JavaScript is single threaded... though Chrome may be a new beast (I think it is also single threaded, but each tab has it's own JavaScript thread... I haven't looked into it in detail, so don't quote me there).
However, one thing you DO need to worry about is how your JavaScript will handle multiple ajax requests coming back in not the same order you send them. So, all you really need to worry about is make sure your ajax calls are handled in a way that they won't step on eachother's feet if the results come back in a different order than you sent them.
This goes for timeouts too...
When JavaScript grows multithreading, then maybe worry about mutexes and the like....

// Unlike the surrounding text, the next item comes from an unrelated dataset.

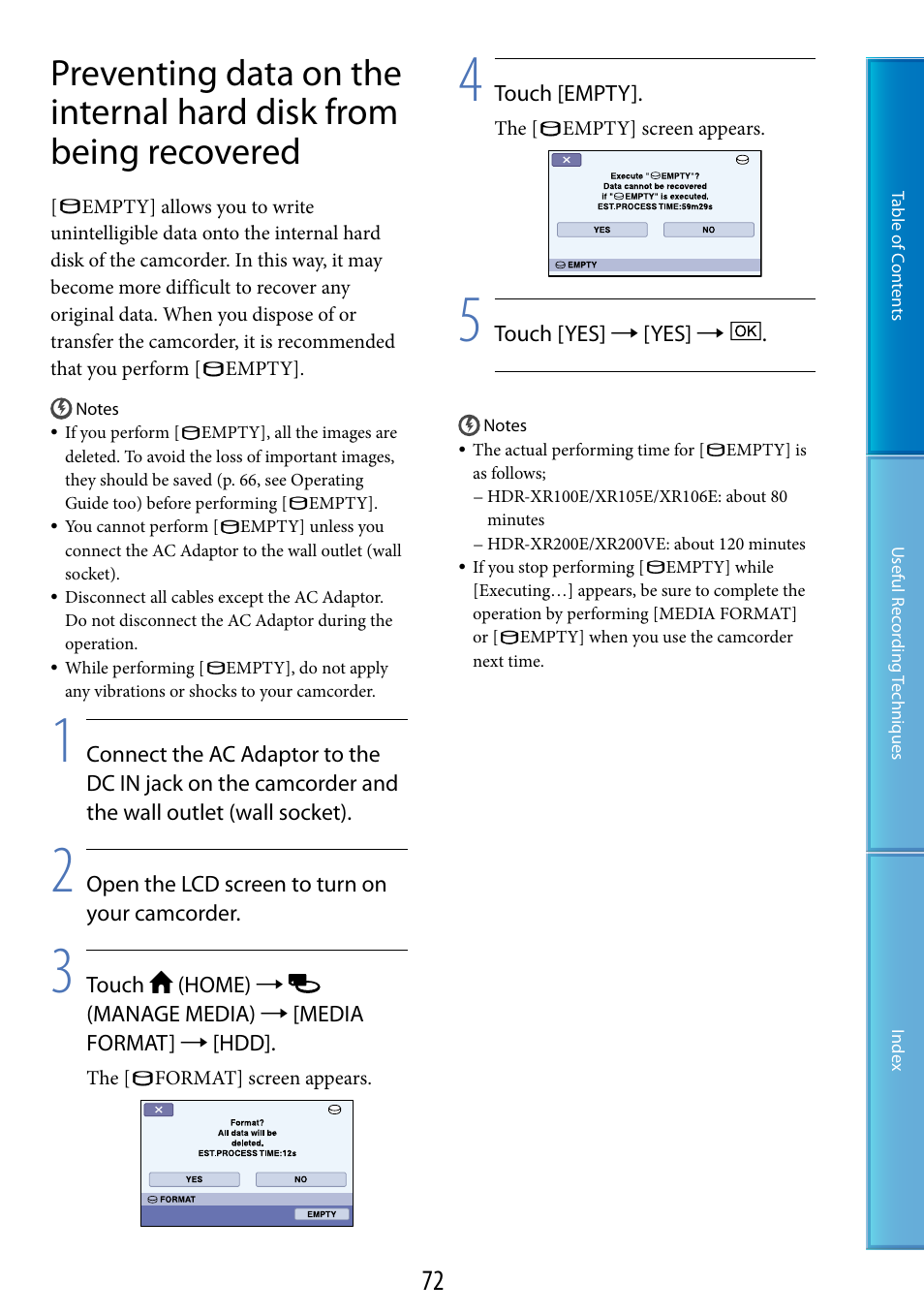 Sony XR200VE User Manual | Page 72 / 134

JavaScript, the language, can be as multithreaded as you want, but browser embeddings of the javascript engine only runs one callback (onload, onfocus, <script>, etc...) at a time (per tab, presumably). William's suggestion of using a Mutex for changes between registering and receiving a callback should not be taken too literally because of this, as you wouldn't want to block in the intervening callback since the callback that will unlock it will be blocked behind the current callback! (Wow, English sucks for talking about threading.) In this case, you probably want to do something along the lines of redispatching the current event if a flag is set, either literally or with the likes of setTimeout().
If you are using a different embedding of JS, and that executes multiple threads at once, it can get a bit more dicey, but due to the way JS can use callbacks so easily and locks objects on property access explicit locking is not nearly as necessary. However, I would be surprised if an embedding designed for general code (eg, game scripting) that used multi threading didn't also give some explicit locking primitives as well.
Sorry for the wall of text!
Events are signaled, but JavaScript execution is still single-threaded.
My understanding is that when event is signaled the engine stops what it is executing at the moment to run event handler. After the handler is finished, script execution is resumed. If event handler changed some shared variables then resumed code will see these changes appearing "out of the blue".
If you want to "protect" shared data, simple boolean flag should be sufficient.